What Capitec and Easy Equities are enabling their clients to do is changing the face of the banking and financial services sector for the better. Accessibility to financial services has never been this easy. Now more than ever before South Africans can get a slice of listed companies with a touch of a button on their mobile phones.


Tech Skills Need A War Room

BY Wesley Diphoko 3 MINUTE READ

Efforts to develop the necessary technology skills are not yielding the desired results

If the Google-IFC e-Commerce Africa report is anything to go by, then South Africa and the African continent is in trouble.

According to the report, the entire continent has 700 000 developers. South Africa has only 120 000 developers. Those numbers may sound big however they are nothing in comparison with countries in similar economic conditions. Latin America had 2,162,461 developers in 2019, with Brazil (573,400), Mexico (315,300), and Argentina (304,600) leading the region in total numbers. If this is not enough to illustrate the point consider the following fact: the state of California in the US alone has almost 700 000 (628,414) software developers.

There’s no shortage of programmes designed to develop technology skills and yet SA and the continent still lags behind in terms of adequate tech skills. There’s something very wrong with the skills development initiatives that are currently in place.

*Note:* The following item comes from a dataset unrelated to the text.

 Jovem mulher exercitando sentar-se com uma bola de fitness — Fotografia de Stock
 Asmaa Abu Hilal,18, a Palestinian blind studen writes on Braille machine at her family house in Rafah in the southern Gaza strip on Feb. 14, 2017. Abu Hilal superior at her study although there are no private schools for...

South Africa established what was then known as ISETT-SETA to oversee skills development initiatives in the tech space. This entity was later changed and integrated with the media skills entity and got called, MICT. The Media, Information, and Communication Technologies Sector Education and Training Authority (MICT SETA) is a skills development institution established in terms of the Skills Development Act of 1998, to generate, facilitate and accelerate the processes of quality skills development at all levels in the MICT sector in South Africa. The MICT sector is made up of five subsectors that are interconnected but also quite distinct and identifiable in their own right. These are advertising, film and electronic media, electronics, information technology, and telecommunications. Part of the problem and failure of this entity lies in the fact that technology skills development has now been lumped with advertising and film production. Having said that, the MICT has tried to develop tech skills through its programmes however those skills are not the right quality.

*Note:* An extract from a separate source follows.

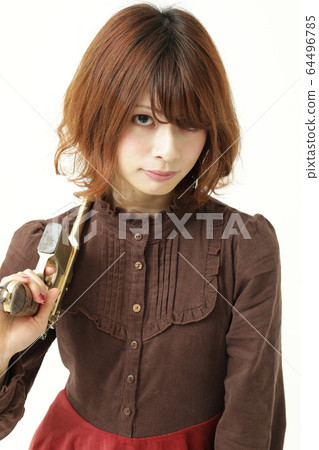 A woman with a gun A woman with a gun 64496785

Another intervention in the skills development space has been mainly from the private sector. There’s no shortage of colleges that are offering technology skills programmes. The reality however is that even private colleges have produced very little in terms of quality technology skills. The tendency of most private colleges has focused on offering skills on how to “use” tools instead of focusing on the creation of technology.

The combination of what the public and private sector have done so far is not adequately addressing the real tech skills challenge.

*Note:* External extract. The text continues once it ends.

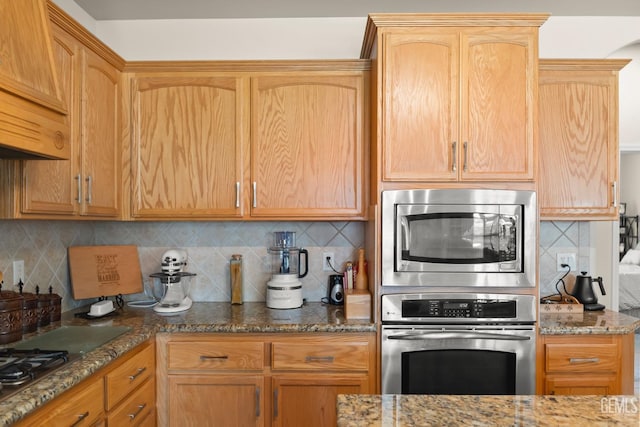 kitchen with stainless steel appliances, tasteful backsplash, and stone counters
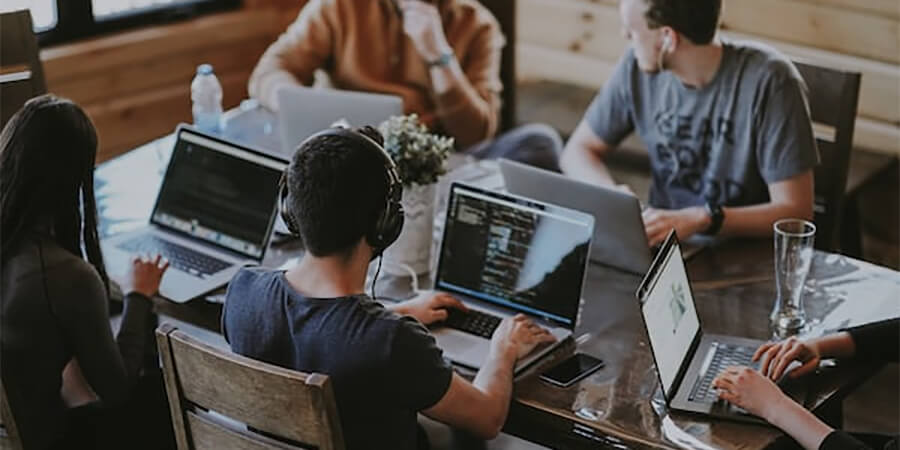 Group of professionals working on laptops around a wooden table.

If South Africa and the continent is to benefit from the almost $200 billion potential of the internet economy something very ambitious needs to be established to address the tech skills challenge.

South Africa needs high schools, colleges, and universities that are dedicated to teach highly in-demand technology skills. Such institutions will need to work and be partially funded by the technology industry to align skills with industry needs.

These institutions will have to incorporate work readiness skills to avoid the current situation of producing graduates who are not ready to hit the ground running.

Lastly, students in the tech space need skin in the game in the form of starting their own tech companies and this needs to form part of the curriculum of tech dedicated institutions.

Of course, not everyone will start a tech company however those that have the appetite need all the support they need to start their own companies. This partly means that the funding of tech startups needs to start from training and education institutions that are focused on tech. Instead of sinking students in education debt, they need business funding to support their technology research to turn into tech enterprises.

The Google-IFC e-Conomy report should serve as a warning bell to the tech industry and more importantly inspire action and creation of a tech skills war room.